I don't know how big you can find but I am sure that they would be very expensive. Why not just use s bowl gouge?

Jack


----------



## Lilty (Dec 20, 2006)

I agree a bowl gougewould be the better way to go.


----------



## Darkmoor (Jan 26, 2013)

knika said:


> I don't know how big you can find but I am sure that they would be very expensive. Why not just use s bowl gouge?
> 
> Jack


Time factor.. I have some very nice bowl gouges but would like to bore the jars out as large as possible, first.. the largest I see in a quality Forstner is about 3.5 inches

Darkmoor is a business and this will be production work


----------



## duncsuss (Aug 21, 2009)

Darkmoor said:


> Time factor.. I have some very nice bowl gouges but would like to bore the jars out as large as possible, first.. the largest I see in a quality Forstner is about 3.5 inches
> 
> Darkmoor is a business and this will be production work


Have you considered metal-work style boring bars or fly cutters?

They'd require a starter hole and multiple passes, but would probably be faster than using a hand-held gouge.

Or maybe one of the many articulated-arm hollowing systems?


----------



## Bob Willing (Jul 4, 2008)

These people http://www.mlcswoodworking.com/shopsite_sc/store/html/smarthtml/pages/forsbit.htm carry a 4" but chucking would present a problem. If you could remove it from the lathe and than bore on a drill press that would be ideal. You would want to run at very low rpm's.


----------



## sawdustfactory (Jan 30, 2011)

You're going to spend almost as much time backing out that bit, clearing the waste, and letting the bit cool; not to mention that you'll probably have to do this at a much slower speed than you would if you just turned it.


----------



## Darkmoor (Jan 26, 2013)

Good info, thanks guys.. maybe a combo of Forstners followed by a bowl gouge.. bigjoe, the plan is to use 8 to 10 inch diameter sections of tree trunks with the bark left on, and end bored, for 'bark on" cookie jars, for retail sale. Have much redwood, honey locust, birch, alder curing 

Also larger "bark on" redwood planters after we get the smaller process worked out


----------



## jimmyjames (Nov 23, 2012)

i hope you have a gigantic and powerful lathe, trying to use a 4" plus forstner bit takes ALOT of power.....


----------



## Darkmoor (Jan 26, 2013)

jimmyjames said:


> i hope you have a gigantic and powerful lathe, trying to use a 4" plus forstner bit takes ALOT of power.....

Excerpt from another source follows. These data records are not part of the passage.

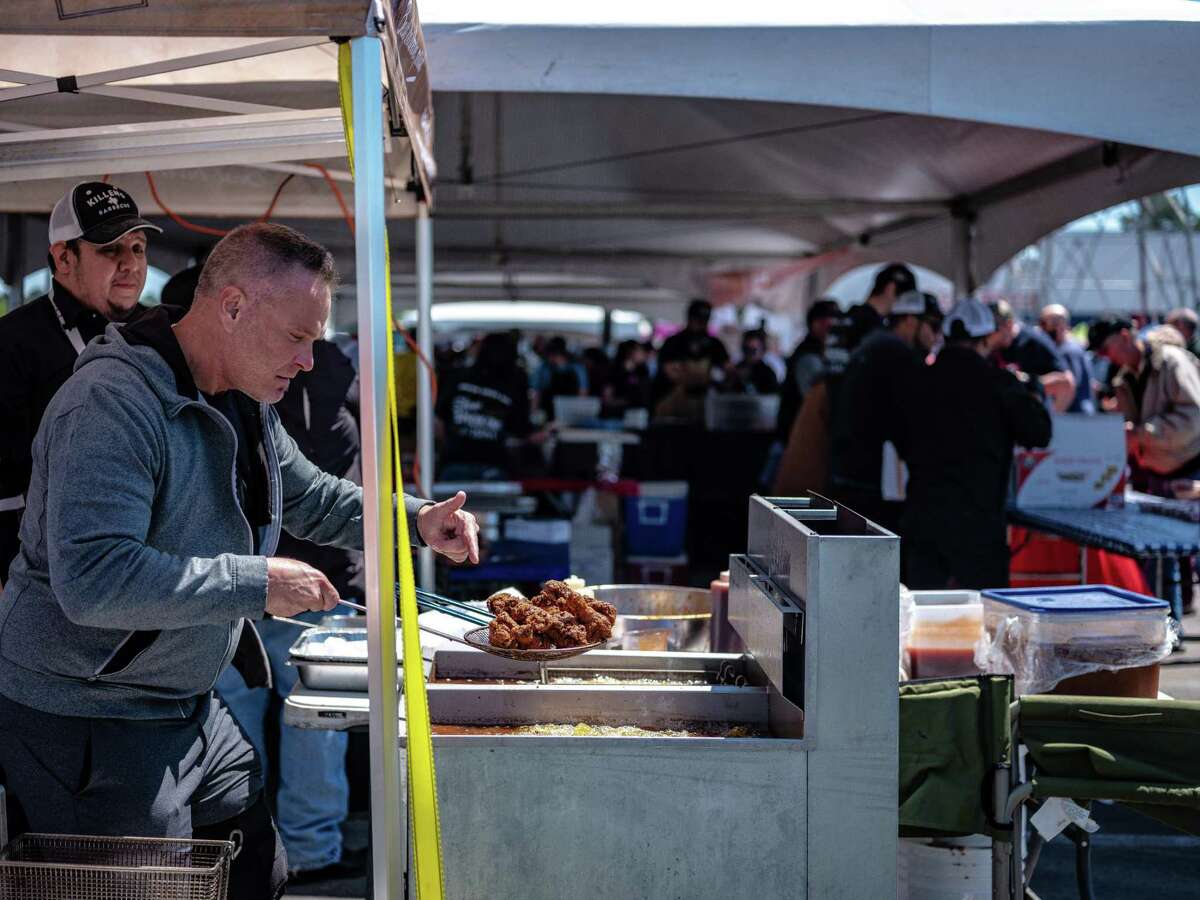 Chef Ronnie Killen cooked fried chicken at the 2019 Houston Barbecue Festival.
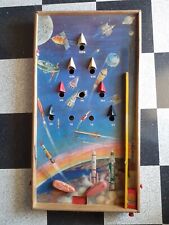 Flipper da tavolo in legno anni ’60 Arco Falc conquista spazio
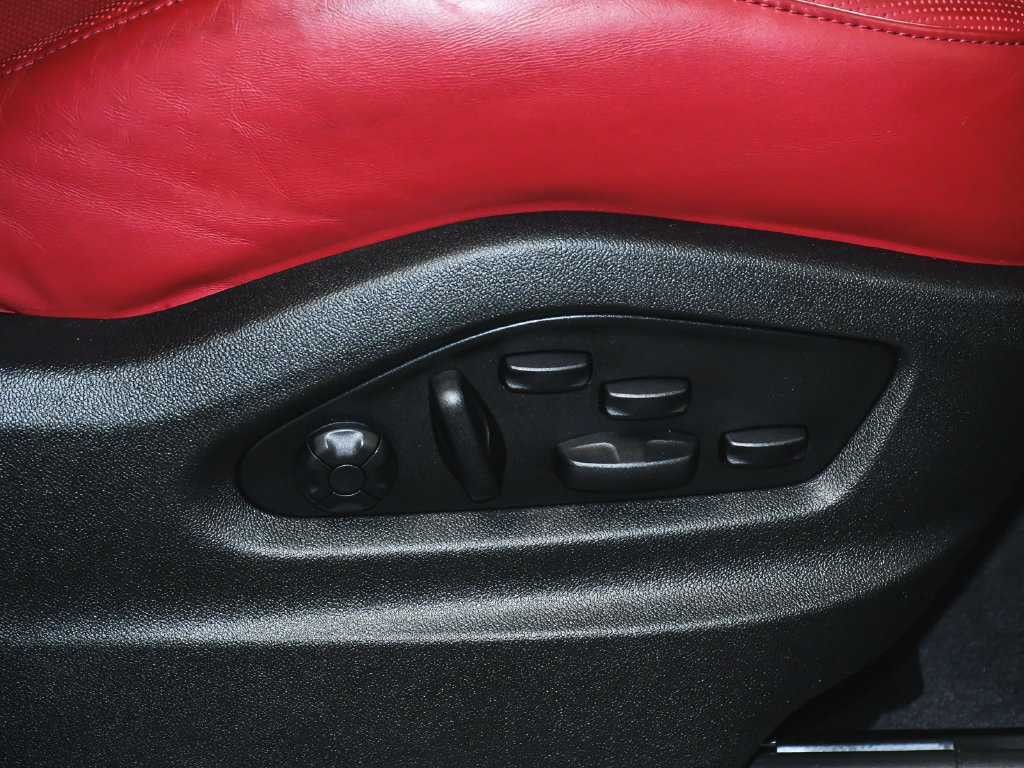 Used 2023 Porsche Cayenne GTS w/ Premium Package Plus AWD/4WD image 65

Only a Jet 1642 so far, about to try it 













jet 1642 so far, about to try it..


----------



## john lucas (Sep 18, 2007)

The gouge is really fast if you cut across the grain. Drill a hole 2" or so to get rid of as much of the end grain as you can down to about the depth you need to do. Then cut from the center out with a bowl gouge. I prefer to go a little deep and then cut out at an angle so I'm cutting across the grain at an angle. 
The flute should be about 45 degrees or about 10:30. Make a bunch of cuts leaving the edge just a little thicker than you need. Go down about 1 1/2" or so and then cut straight down from the lip and thin this area to the final dimension. Don't go back, this area is done. Cut another inch or so and then cut down trying to blend the previous stop line. Shear scraping works well for this if your gouge technique isn't that good. 
When you have about 3" left you an just go ahead and hollow it all the way and then do the last finishing cuts.
Guys who thin really large and thin pieces like lamp shades often use a really thick straight coring cutter to core out a cone shape. This makes it go faster but probably isn't necessary for what your doing.


----------



## Alan Sweet (Aug 16, 2013)

*Quest ..*

I think that we are talking a maximum thickness of 5-6". Is that right?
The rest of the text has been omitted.